The United States and several allies on Thursday issued a joint condemnation of North Korea's most recent ballistic missile launches and urged the thorough implementation of U.N. sanctions.
"It is extremely important that member states take the necessary steps to implement the sanctions in their jurisdictions or risk providing a blank check for the DPRK regime to advance a weapons program," U.S. Ambassador Linda Thomas-Greenfield said, using the acronym for the Democratic People's Republic of Korea, the North's official name.
She spoke to reporters at the United Nations flanked by her counterparts from Albania, Brazil, Britain, France, Ireland, Japan and the United Arab Emirates. All but Japan are current security council members.
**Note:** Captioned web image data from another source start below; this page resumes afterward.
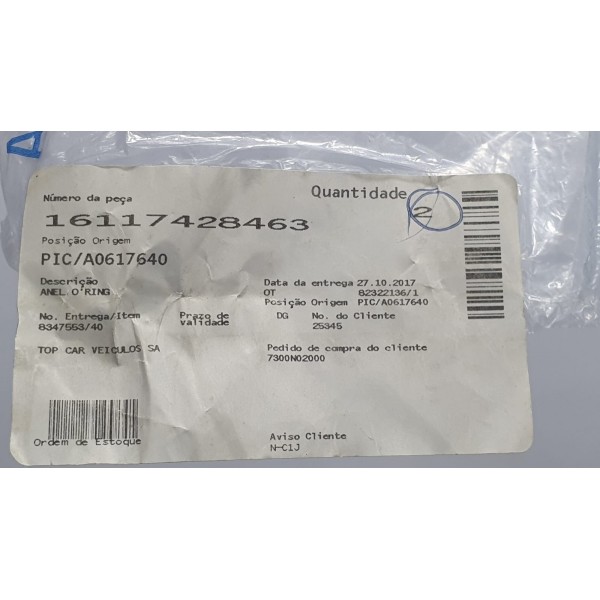 Borrachinha Vedação Tanque Anel O Bmw 320i F30 2015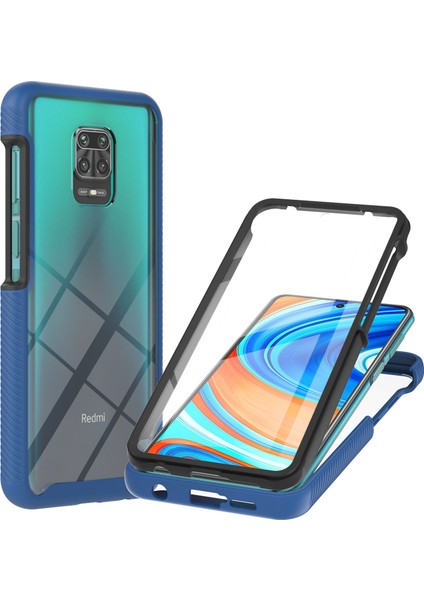 Xiaomi Redmi Için Pet Ekran Koruyucu ile Tam Kapsama Koruma Pc+Tpu Koruyucu Kılıf Not 9s/redmi Note 9 Pro/redmi Not 9 Pro Max-Blue (Yurt Dışından)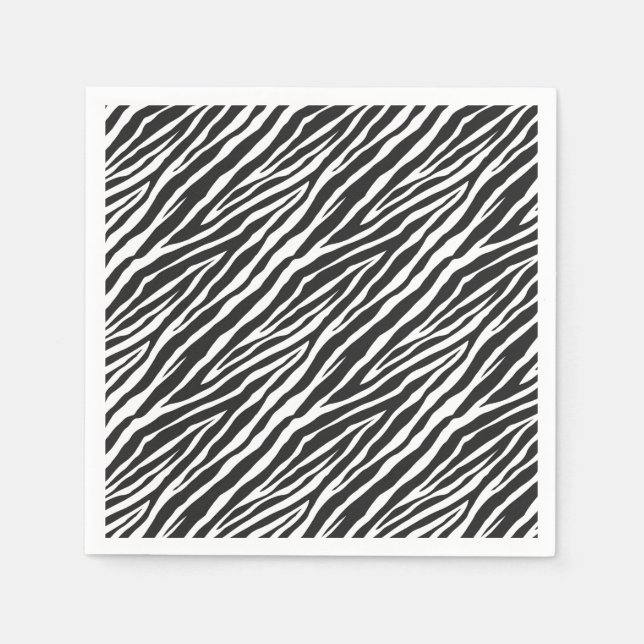 Black and White Zebra Print Napkins (Front)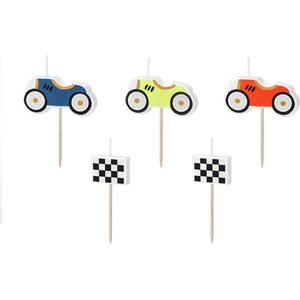 Birthday candles Racing Cars, 2-3 cm, mix 1pkt/5pc.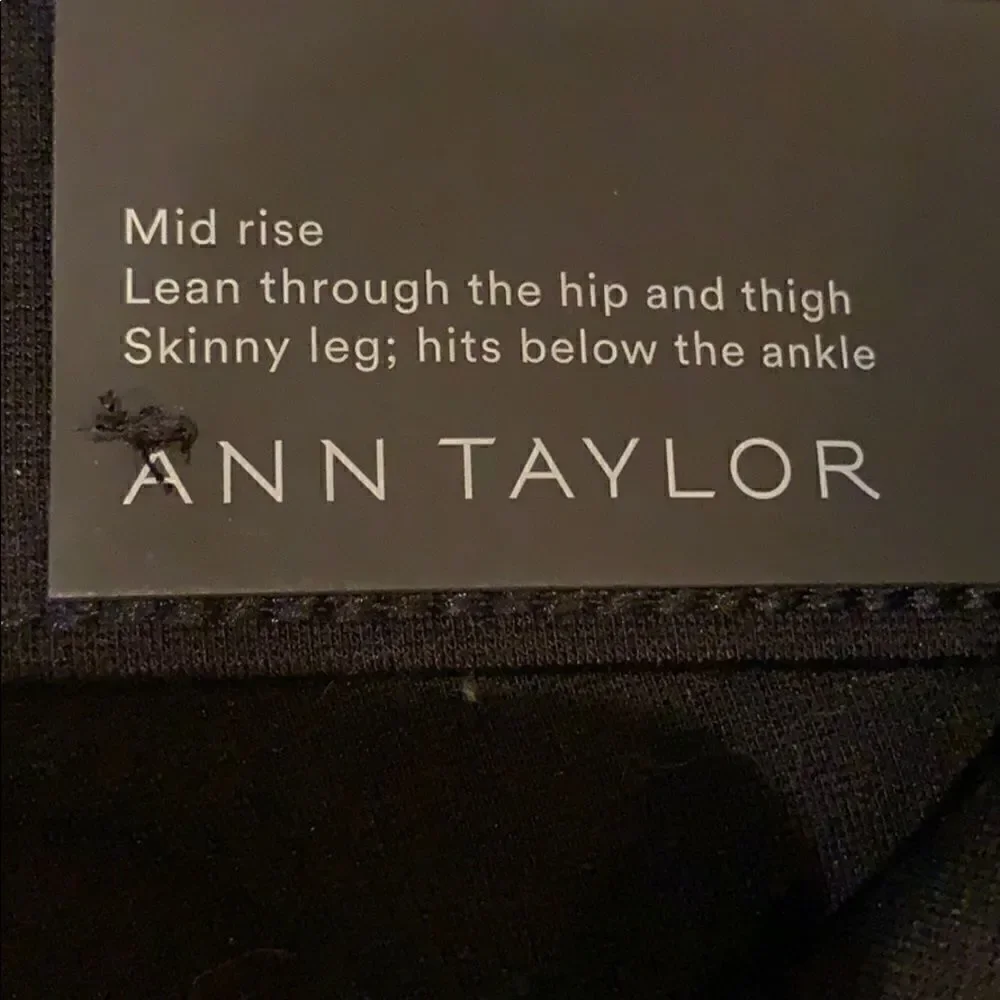 𝅺nwt Ann Taylor the Skinny jeans black 2 Tall jeans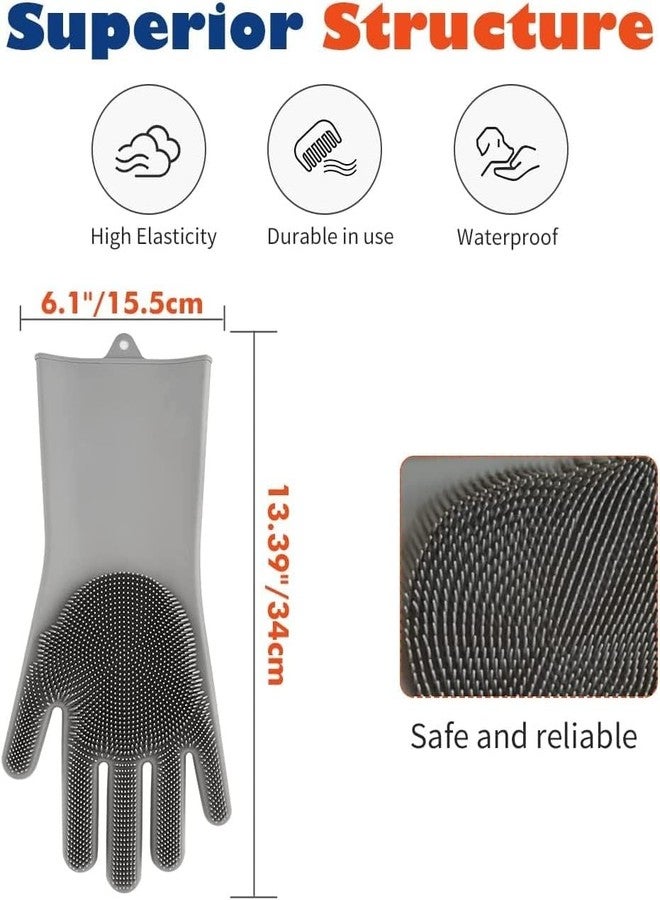 ZIGZAP Silicone Pet Bathing Gloves (1 Pair) with Shampoo Dispensing Brush | Dog & Cat Grooming Gloves for Bathing, Fur Cleaning, Deshedding & Massage | Soft Rubber Pet Wash Tool - Image 3
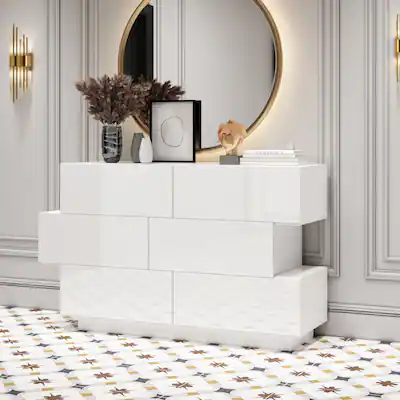 Famapy High Gloss Storage Cabinet 6 Drawers Dresser with Sleek Sophistication White BBFAZJ-KF260075-02 - Best Buy Famapy High Gloss Storage Cabinet 6 Drawers Dresser with Sleek Sophistication White BBFAZJ-KF260075-02 - Best Buy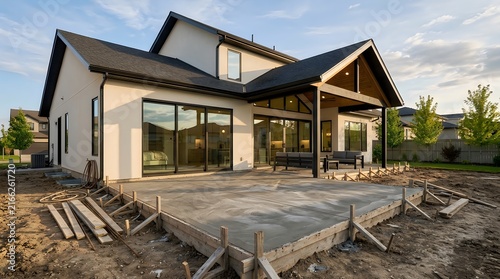 Modern house construction site with freshly poured concrete patio foundation and wooden formwork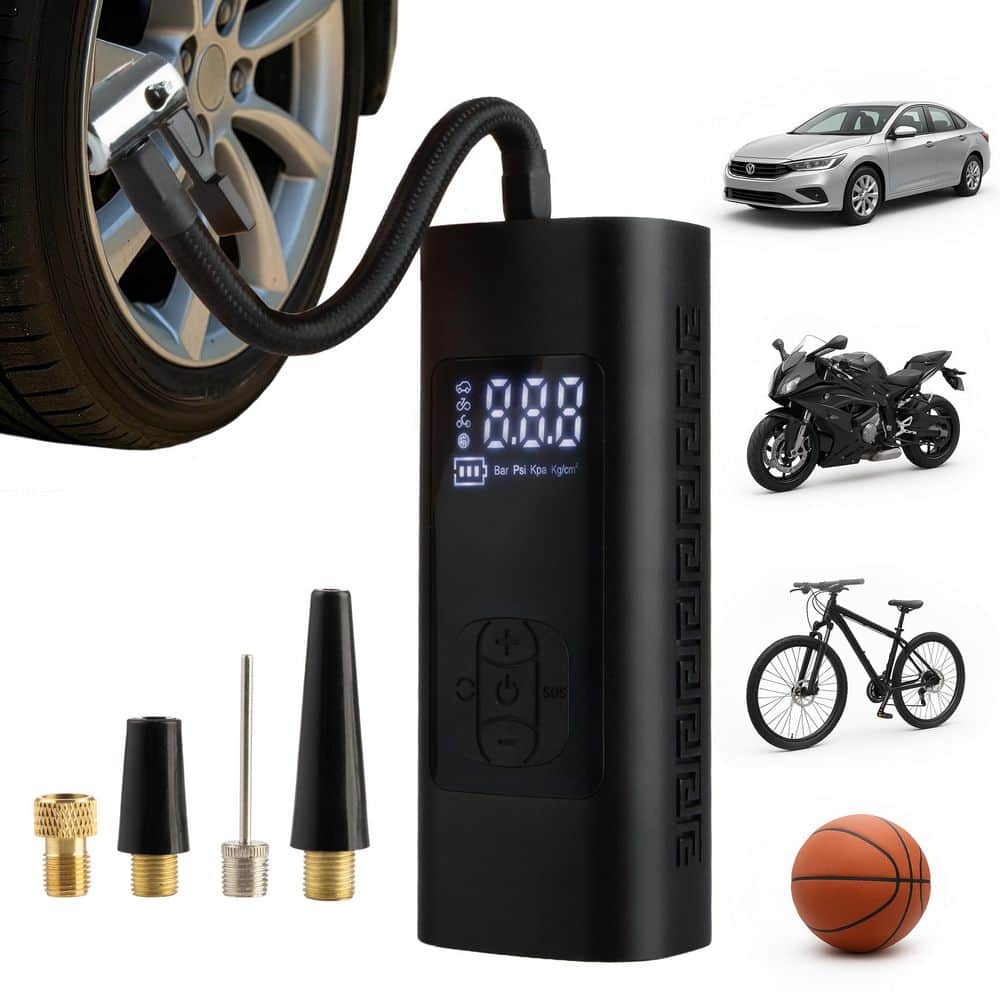 Stalwart Tire Inflator Portable Air Compressor for Car Tires 150PSI 6000mAh Cordless Air Pump for Balls, Bike, or Motorcycle (2)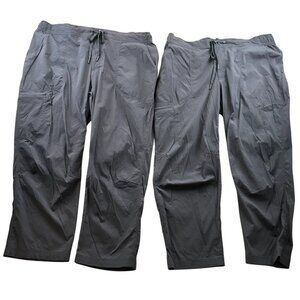 L.L. Bean Mens Pants Size XL Lot of Two Straight Drawstring Outdoors Casual Gray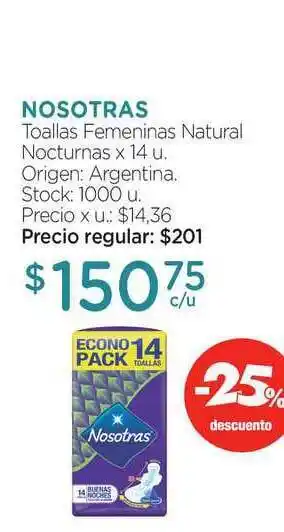 Farmacity Nosotras Toallas Femeninas Natural Nocturnas 14u oferta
This is the second time in 10 days that the council has met behind closed doors to discuss North Korea's missile launches.
FILE - In this March 1, 2021 photo, US Ambassador to the United Nations Linda Thomas-Greenfield speaks to reporters during a news conference at United Nations headquarters.
Since the start of the year, North Korea has conducted two tests of what it described as a hypersonic missile, launched a pair of ballistic missiles from a train, and fired a pair of tactical guided missiles from an airport in Pyongyang.
"We will continue to speak out against the DPRK's destabilizing actions as affronts to regional and international peace and security," Thomas-Greenfield said. "We call on the DPRK to cease these unlawful actions and return to dialogue."
North Korea has ignored repeated offers by the United States to restart negotiations, saying Washington must first drop its "hostile policy."
Thomas-Greenfield also called on the U.N. Security Council Sanctions Committee on North Korea to support sanctions designations on individuals and entities contributing to Pyongyang's illicit weapons programs, including five individuals whom the U.S. proposed to be sanctioned last week.
Diplomats said Thursday that China and Russia were holding up the designations. The committee must unanimously agree to new designations.